====== INFORMATION ======

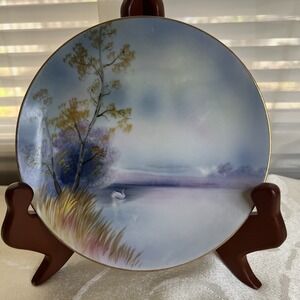 Beautiful 6.5" dessert plate hand‎ painted with swan stamped Noritake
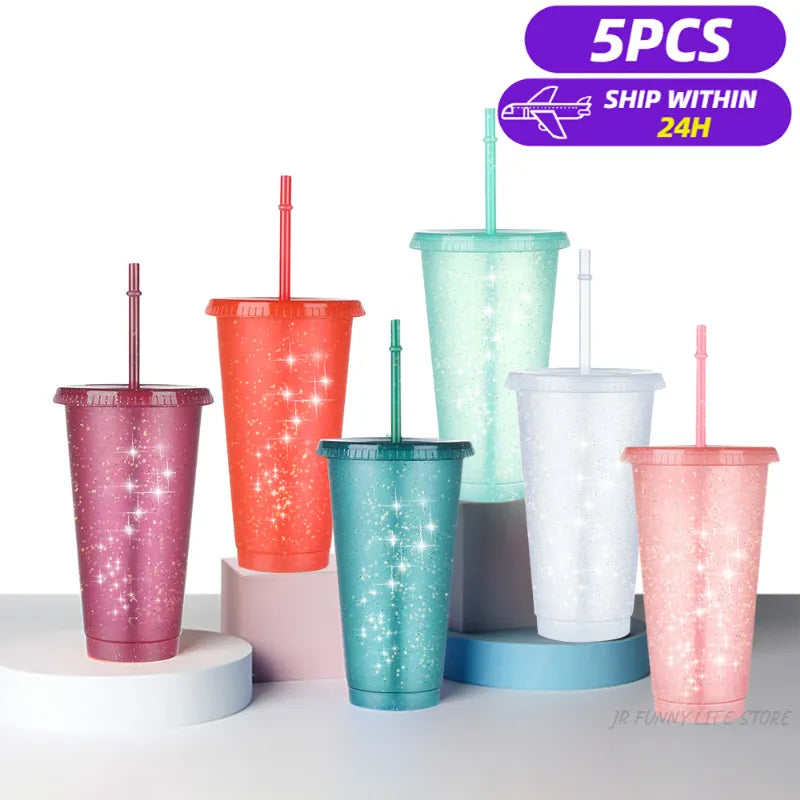 Reusable Hard Plastic Tumbler, With Straw, 5PCS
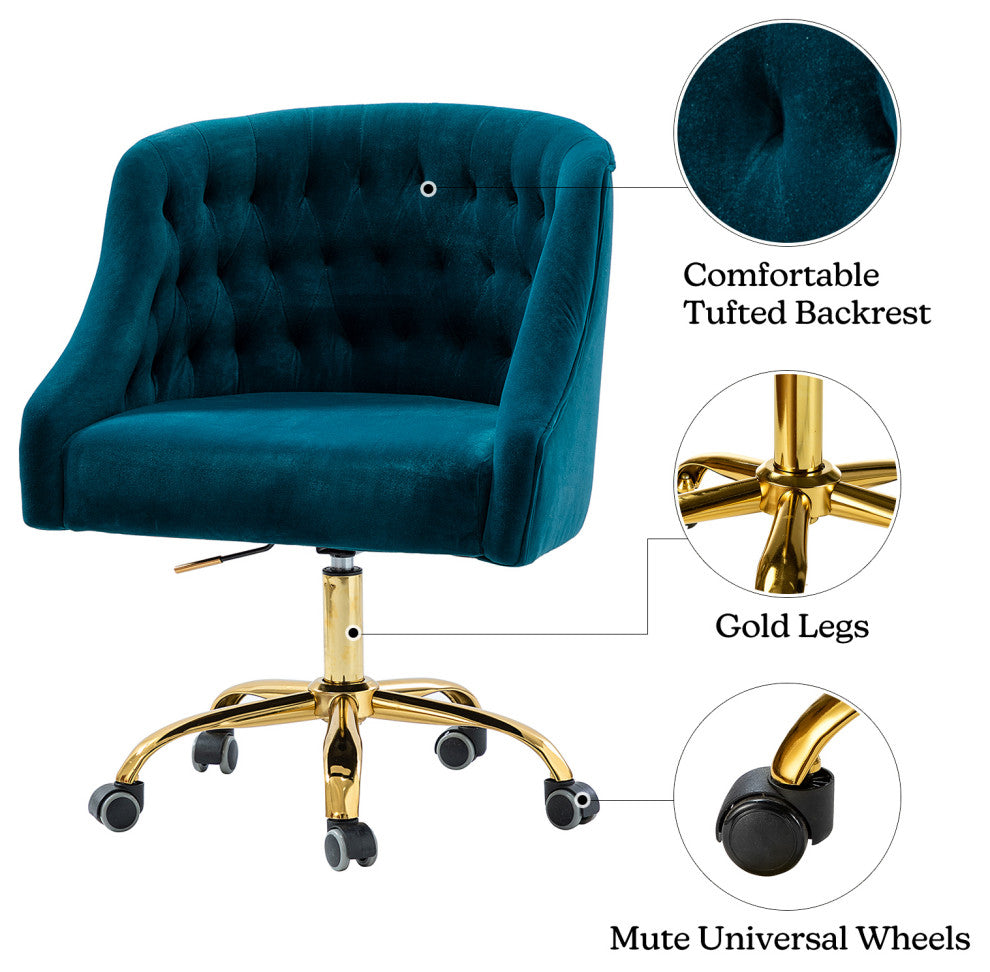 Home Office Swivel Chair with Button-Tufted Back, Teal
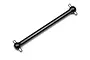 A black metal dogbone style RC driveshaft with silver cross pins at both ends, isolated on a white background.
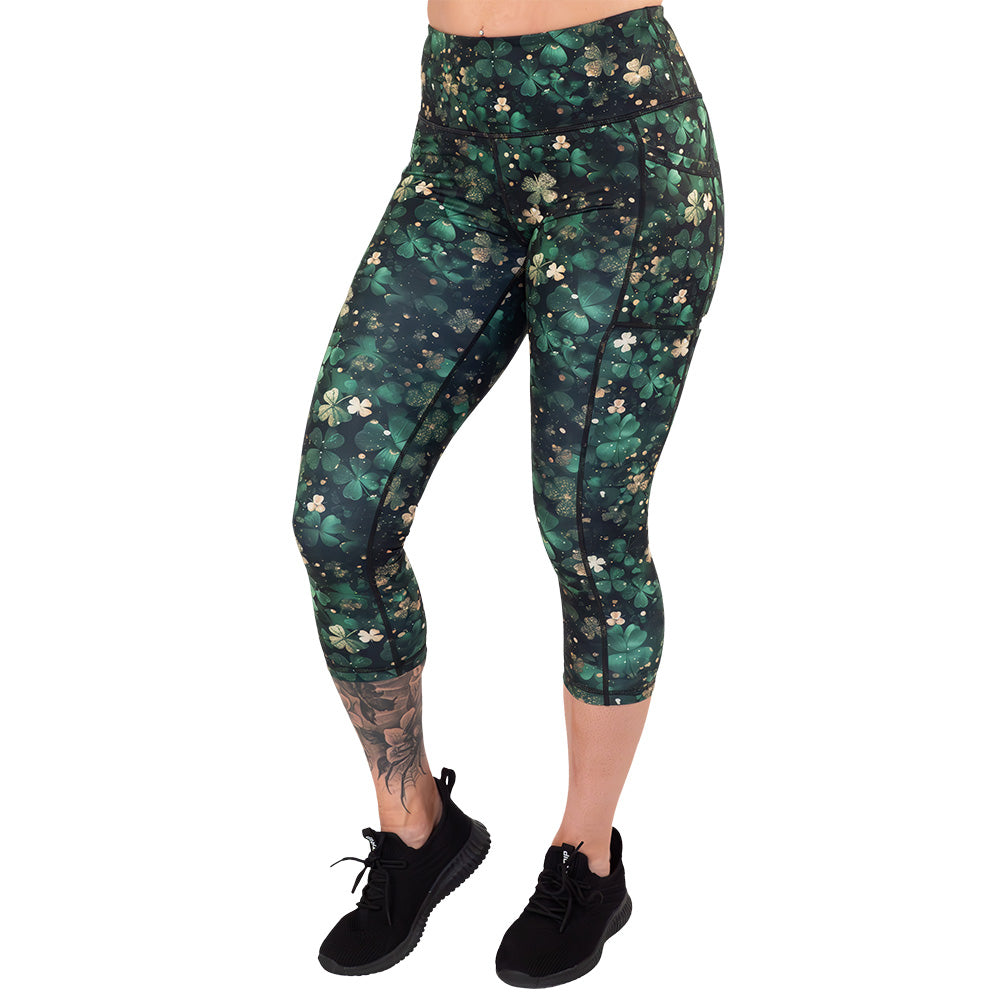 capri length green and gold shamrock patterned leggings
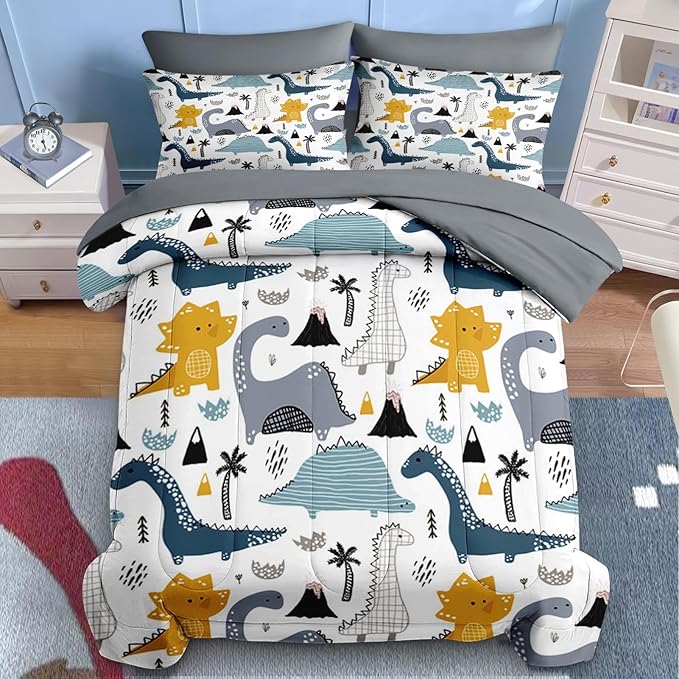 Nesker 7 Pcs Comforter Set Queen Size, Cute Dinosaur Dino Bedding for Kids Teen, Blue Yellow Dragon with Fitted Sheet 2 Pillowcases & 2 Shams for Bedroom Bed Décor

======

_TASK STATEMENT:_ Word for word, repeat only the lines from the line containing "A black metal" through the end of the data, without any pictures.

_ANSWER:_
 A black metal dogbone style RC driveshaft with silver cross pins at both ends, isolated on a white background.
 capri length green and gold shamrock patterned leggings
 Nesker 7 Pcs Comforter Set Queen Size, Cute Dinosaur Dino Bedding for Kids Teen, Blue Yellow Dragon with Fitted Sheet 2 Pillowcases & 2 Shams for Bedroom Bed Décor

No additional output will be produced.